Uno dei difetti che caratterizzano voi politici è la presunzione di poter prendere in giro la gente, trattarla come se fosse cieca o imbecille, darle a bere fandonie, negare o ignorare le realtà più evidenti. Più visibili, più tangibili, più evidenti. Ma stavolta no, signor mio. Stavolta Lei non può negare ciò che vedono anche i bambini. Non può ignorare ciò che ogni giorno, ogni momento, avviene in ogni città e in ogni villaggio d’Europa. In Italia, in Francia, in Inghilterra, in Spagna, in Germania, in Olanda, in Danimarca, ovunque si siano stabiliti. Rilegga quel che ho scritto su Marsiglia, su Granada, su Londra, su Colonia. Guardi il modo in cui si comportano a Torino, a Milano, a Bologna, a Firenze, a Roma.
Perbacco, su questo pianeta nessuno difende la propria identità e rifiuta d’integrarsi come i musulmani. Nessuno. Perché Maometto la proibisce, l’integrazione. La punisce. Se non lo sa, dia uno sguardo al Corano. Si trascriva le sure che la proibiscono, che la puniscono. Intanto gliene riporto un paio.

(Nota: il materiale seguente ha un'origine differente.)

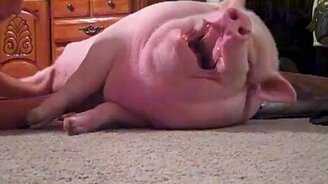 Свинтус дома - смотреть видео (1:36)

Questa, ad esempio: “Allah non permette ai suoi fedeli di fare amicizia con gli infedeli. L’amicizia produce affetto, attrazione spirituale. Inclina verso la morale e il modo di vivere degli infedeli, e le idee degli infedeli sono contrarie alla Sharia. Conducono alla perdita dell’indipendenza, dell’egemonia, mirano a sormontarci. E l’Islam sormonta. Non si fa sormontare”. Oppure questa: “Non siate deboli con il nemico. Non invitatelo alla pace. Specialmente mentre avete il sopravvento. Uccidete gli infedeli ovunque si trovino. Assediateli, combatteteli con qualsiasi sorta di tranelli”.
In parole diverse, secondo il Corano dovremmo essere noi ad integrarci. Noi ad accettare le loro leggi, le loro usanze, la loro dannata Sharia. Signor Fini, ma perché come capolista dell’Ulivo non si presenta Lei?».